Sir Keir Starmer set for No 10 as exit poll forecasts Labour landslide

Sir Keir Starmer is on course for Downing Street as an exit poll indicated his Labour Party will sweep to power.

The Labour leader will become prime minister on Friday with a commanding majority in Parliament, the exit poll for broadcasters suggested.

Rishi Sunak’s term as Prime Minister looks set to end in electoral disaster, with the Conservatives forecast to endure heavy losses.

It marks a dramatic turnaround since the 2019 general election, when Boris Johnson won the Tories a healthy 80-seat majority and Jeremy Corbyn led Labour to its worst result since 1935.

The exit poll suggests Labour is on course for 410 seats, with the Tories reduced to 131.

General Election 2024 exit poll showing Labour on 410 seats
(PA Graphics)

It will mean a Labour prime minister in No 10 for the first time in 2010 and the Conservatives facing a possible civil war as the fight for the future direction of the party and the battle to potentially replace Mr Sunak gets under way.

After 14 years in power it was always going to be a difficult election for the Conservatives, but the sometimes shambolic campaign – triggered at a time of Mr Sunak’s choosing – has contributed to their party’s likely defeat.

From the rain-drenched speech announcing the surprise July 4 poll, through the D-Day debacle as he left Normandy early to record a TV interview to confused campaign messaging about a Labour “supermajority”, Mr Sunak struggled to convince the electorate he was the right man to lead the country.

Going for a summer election rather than waiting until the autumn was always a gamble, and the Prime Minister was not helped by the scandal of Tory candidates and officials allegedly heading to the bookies armed with inside knowledge of the date.

Mr Sunak is expected to resign after leading his party to defeat, but many of the contenders jostling to replace him are nervously awaiting their own constituency results to see if their leadership dreams survive the night.
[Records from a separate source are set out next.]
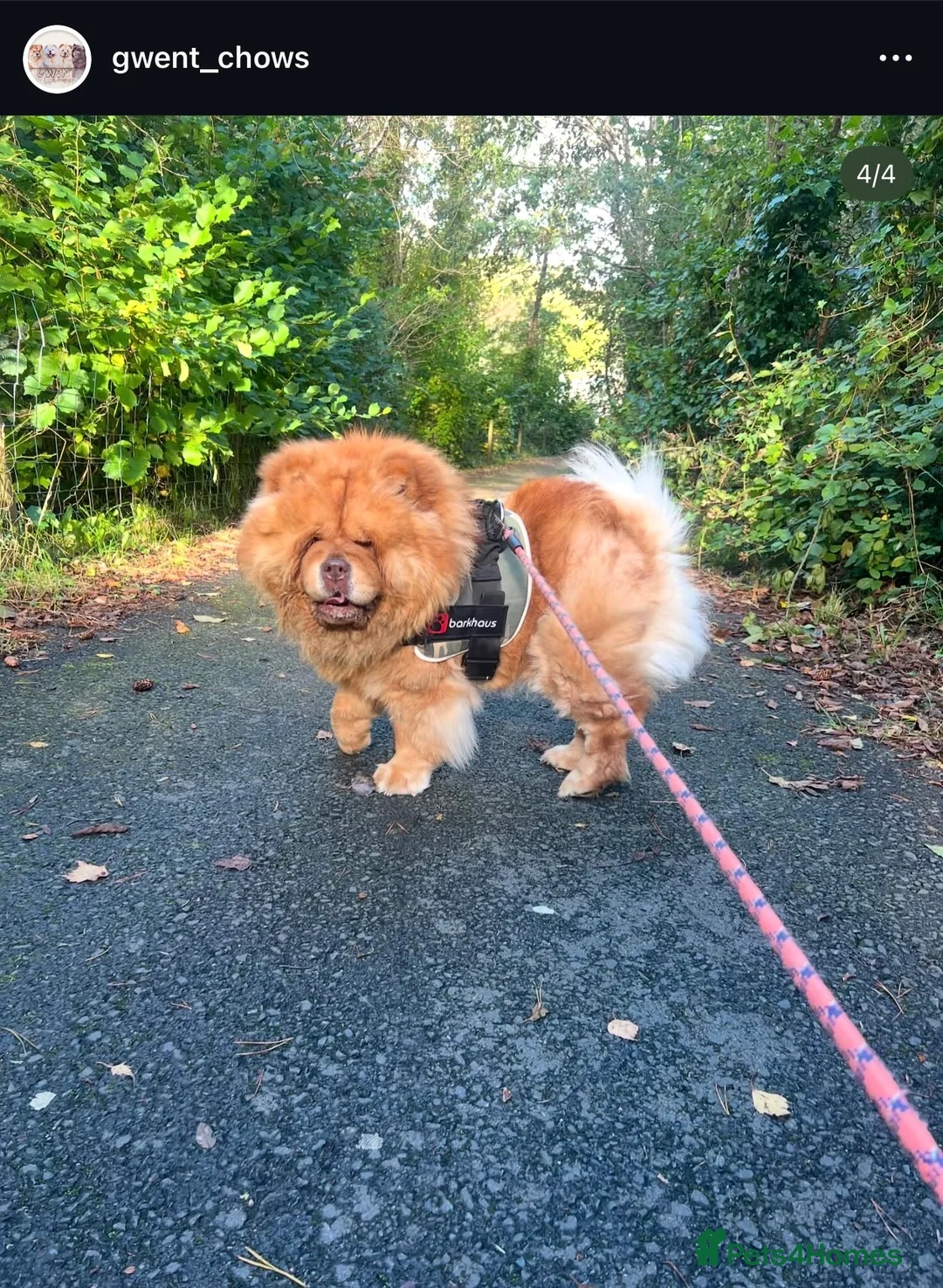 Chow Chow dogs for sale: 2 beautiful chow puppies 🐶  - Advert 2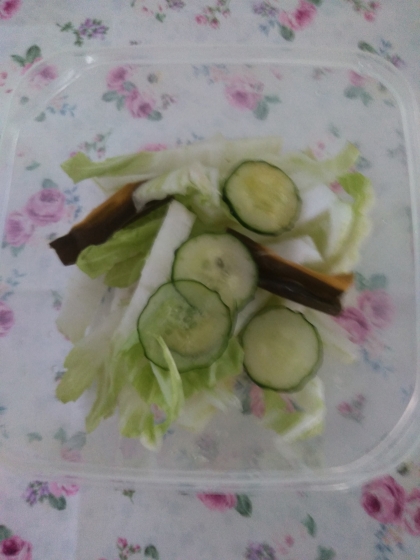 抱えて食べたい♡白菜ときゅうりの旨み塩昆布和え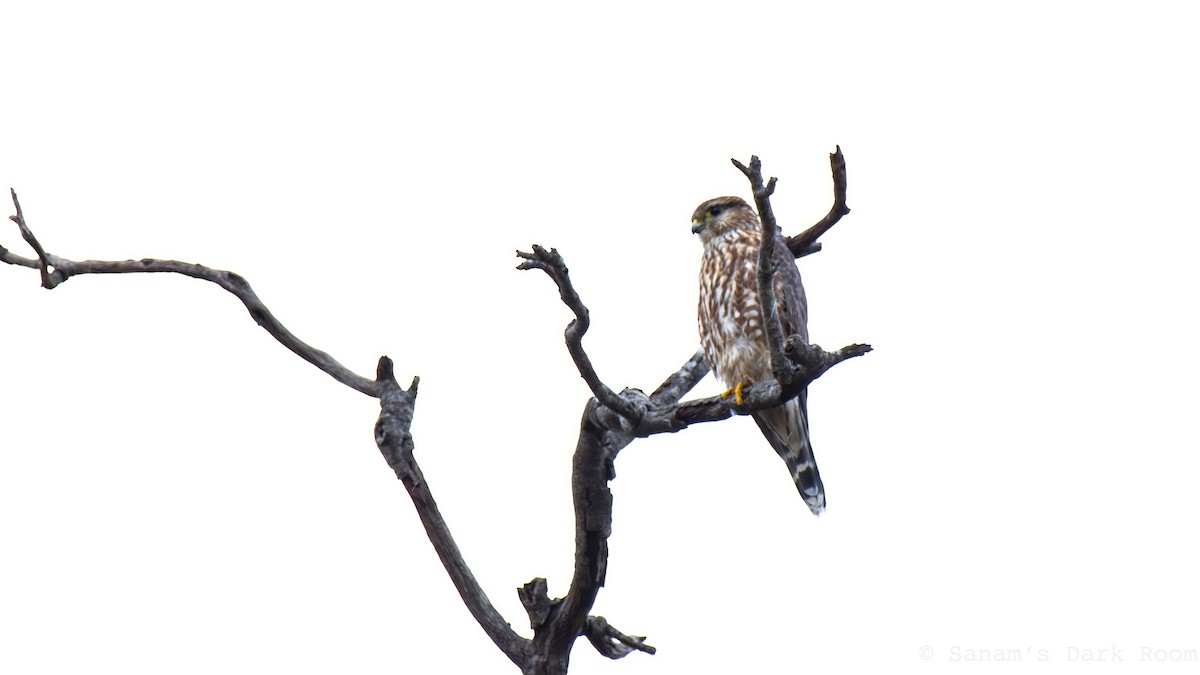 Merlin - ML642260045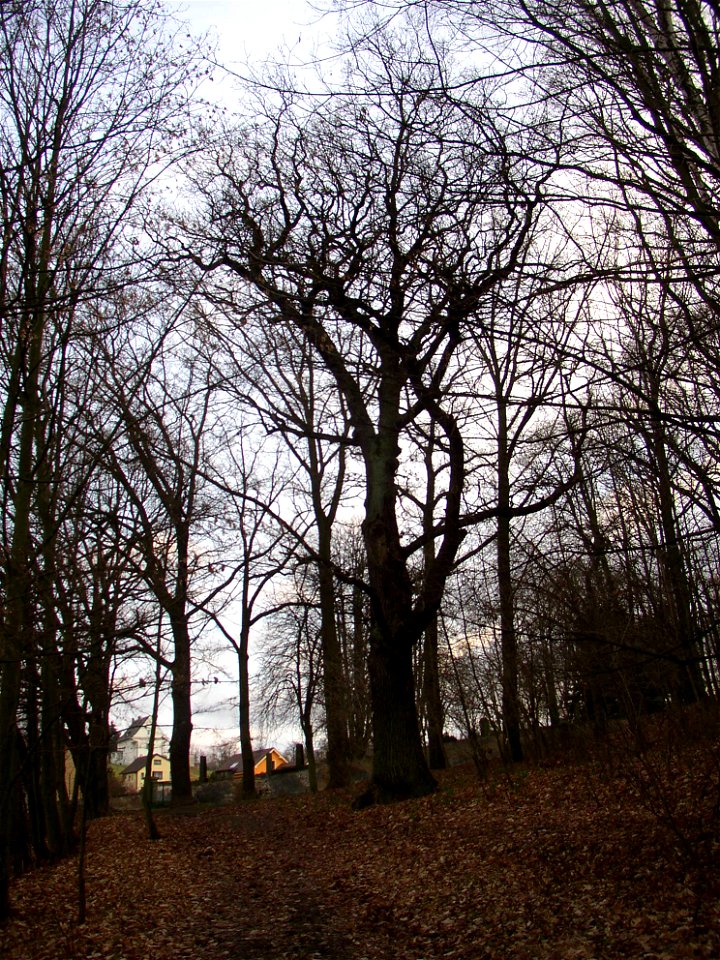 Protected example of Pedunculate Oak (Quercus robur) in Kladno-Vrapice, Kladno District, Czech Republic.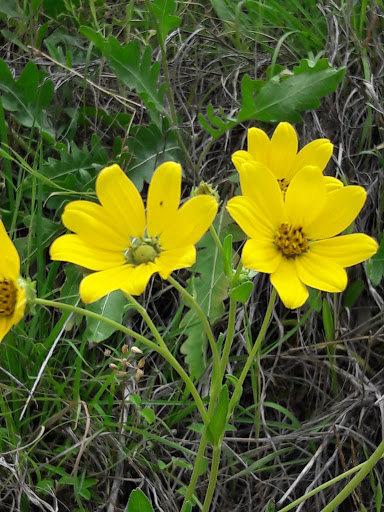 Park «Buffalo Ridge Park», reviews and photos, 5720 Parkwood Trail, Haltom City, TX 76137, USA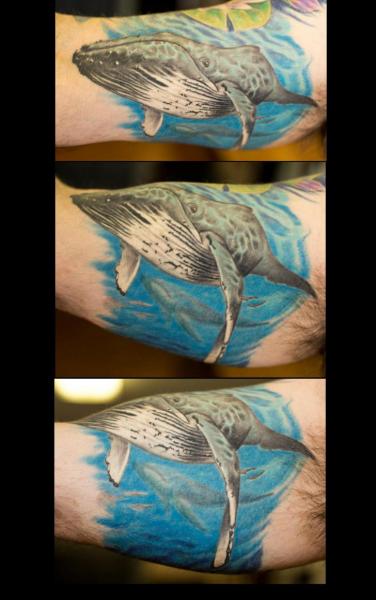 Arm Realistic Whale Tattoo by Immortal Canvas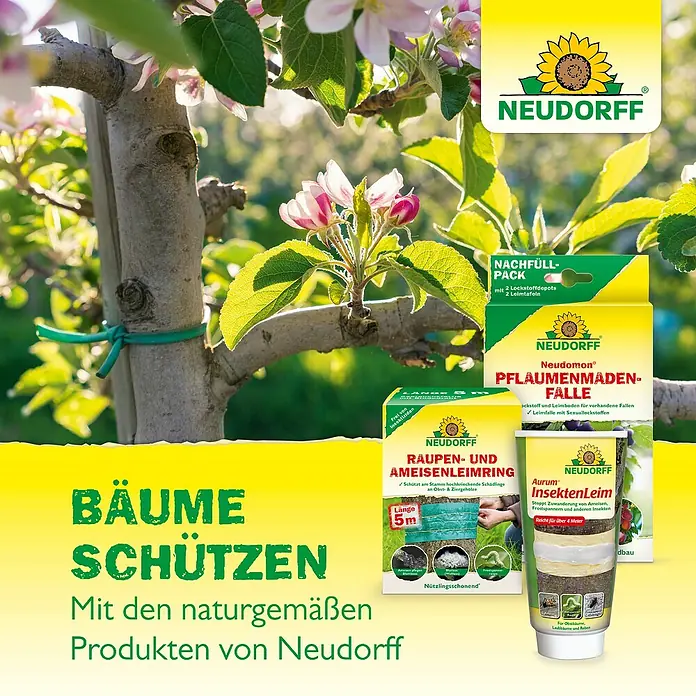 Neudorff Neudomon Pflaumenmaden-Falle - Wirkungsdauer: 6 Wochen, 1 Stk. - Neudorff Produkte zur Schädlingsbekämpfung an Bäumen: Raupen- und Ameisenleimring, InsektenLeim, Pflaumenmaden-Falle und Nachfüllpack.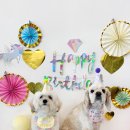 넌나의가족 이미지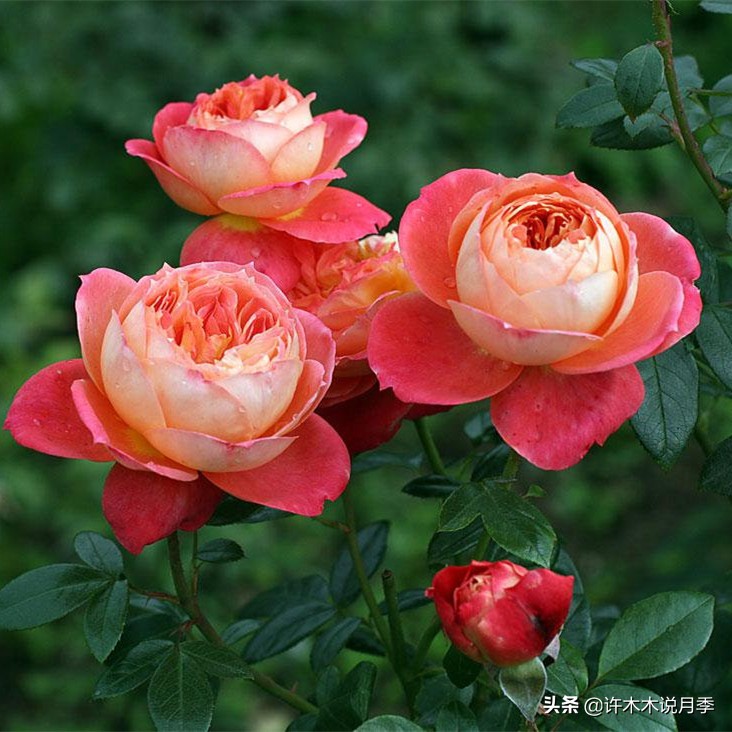 前一段时间买的月季不开花怎么办,月季不开花怎么区分开花颜色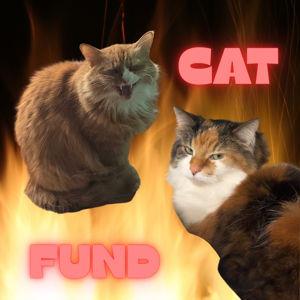Spoiled Cats Fund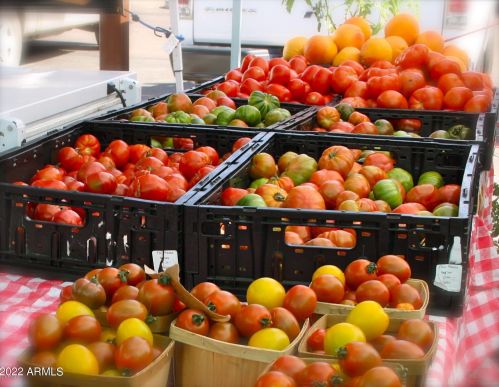 13036 46 St, Phoenix AZ 85044-4019 exterior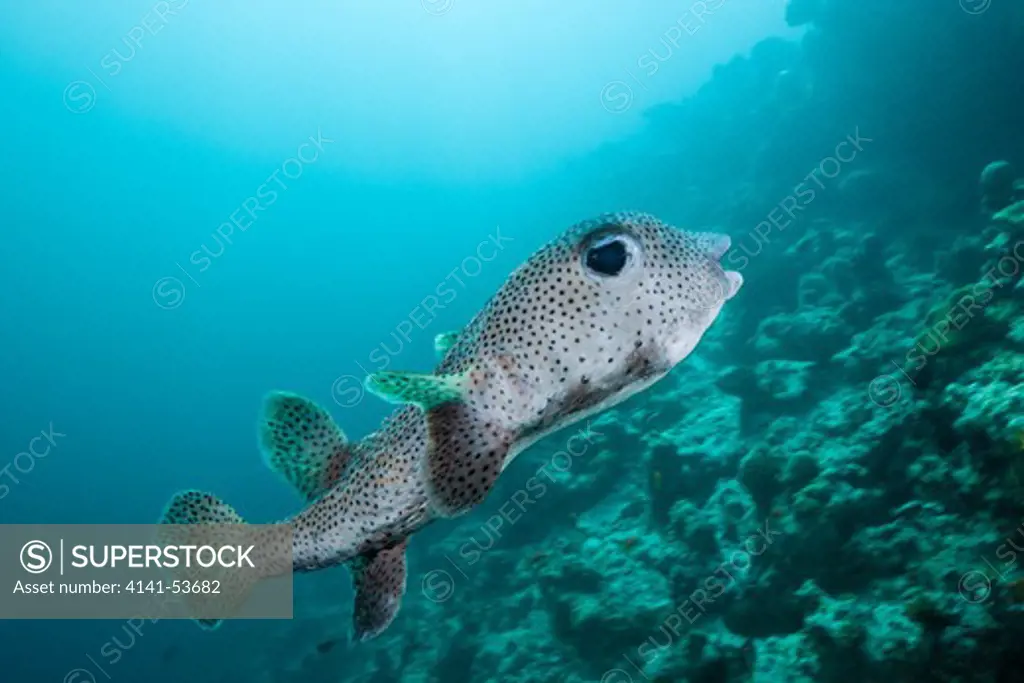 Common Porcupinefish, Diodon Hystrix, Medhu Faru Reef, South Male Atoll, Maldives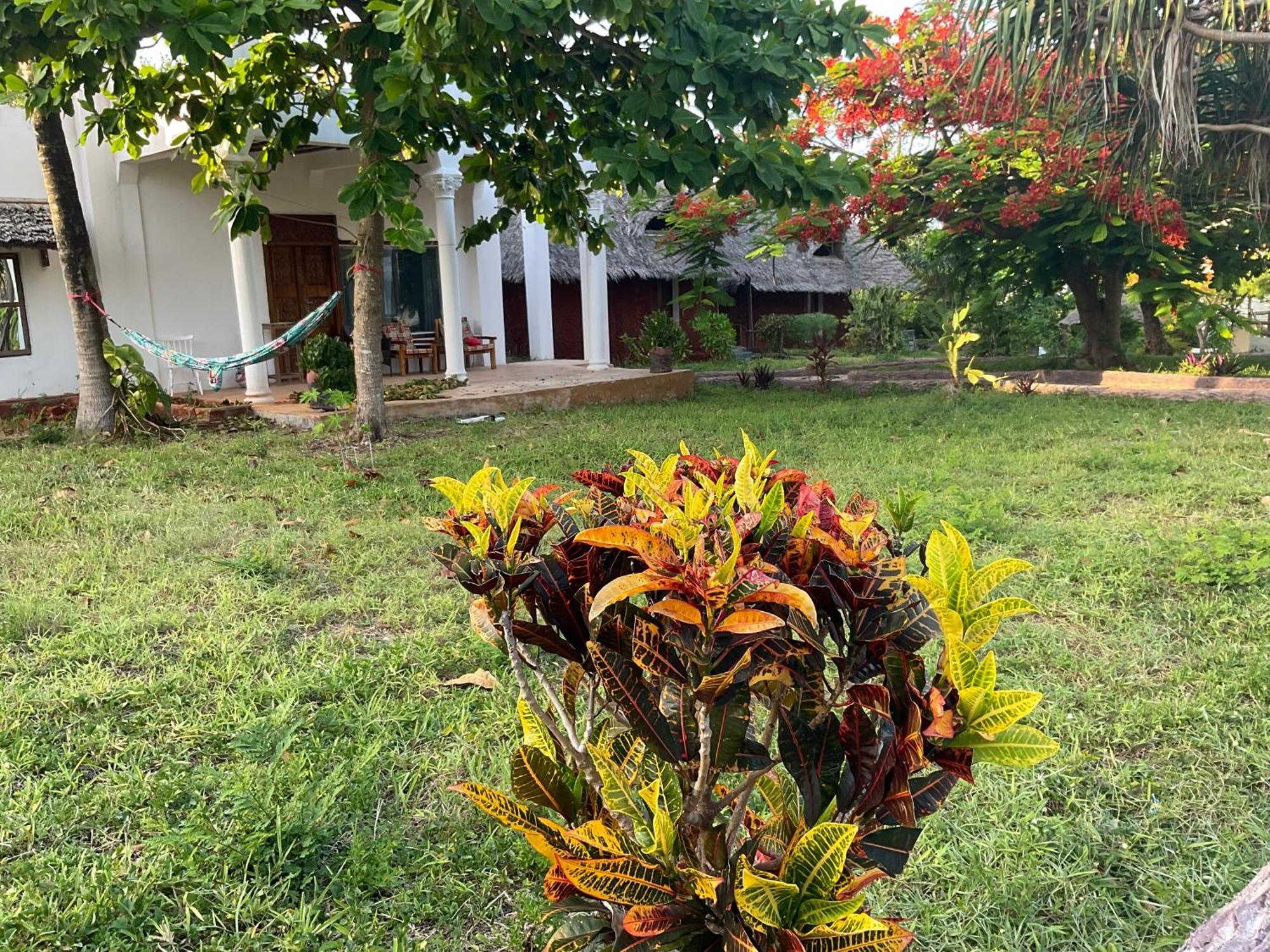 Zanzi Rest Bungalow Nungwi Kültér fotó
PA graphic showing largest majorities won by single parties at general elections since 1900
(PA Graphics)

The likes of Penny Mordaunt, Grant Shapps, Suella Braverman, Steve Baker and Robert Jenrick all face battles to return to Parliament.

Former home secretaries Suella Braverman and Dame Priti Patel, security minister Tom Tugendhat and Health Secretary Victoria Atkins could survive to fight for the leadership.

The exit poll suggested Labour would have a majority of 170, with the forecast indicating the lowest number of Tory MPs on record.

The poll suggested the Liberal Democrats will win 61 seats, Reform UK on 13 and the Green Party two.

PA Graphic showing Lowest number of seats won by Tories at general elections
(PA Graphics)

In Scotland, the SNP are expected to secure 10 seats with Plaid Cymru in Wales on four.

Deputy Labour leader Angela Rayner said the forecast was “encouraging” but  a number of seats were on a “knife edge”.

“If you look at where we were in 2019, just to get a majority of one we’d have had to have a swing greater than Tony Blair in 1997,” she told the BBC.

“So we know a number of seats were on a knife edge from our own data, but I also know that all of our activists and our candidates have been going out there not taking anything for granted and speaking to the electorate about what matters to them.”

A Tory source said: “It’s clear based on this results we will have lost some very good and hardworking candidates.”

Northern Ireland minister Mr Baker, who had indicated he would run for the leadership if he survived but is forecast to lose his seat, said it was a “pretty devastating night for the Conservative Party”.

He told the BBC he expected Mr Sunak will now “do what he believes is in the national interest”.

Ballot boxes arrive at Silkworth Community Pool Tennis & Wellness Centre in Sunderland
Ballot boxes arrive at Silkworth Community Pool Tennis & Wellness Centre in Sunderland (Owen Humphreys/PA)

SNP campaign director Stewart Hosie described the prediction as “stark” but added that it was “just an exit poll”.

“In 2005, I think we were down to five or six MPs and we went on to win the Holyrood election in 2007,” he said.

“In 2010, I think we returned six and went on to win a majority in Holyrood in 2011.

“So I’m not worried about what this means for the SNP, but clearly if this result or something like it comes to pass, it tells us that the overriding motivation for almost everybody in this election was simply to get the Tories out and people appear to have decided that a vote for Labour is the way to do that.”

Lib Dem leader Sir Ed Davey said his party was “on course for our best results in a century, thanks to our positive campaign with health and care at its heart”.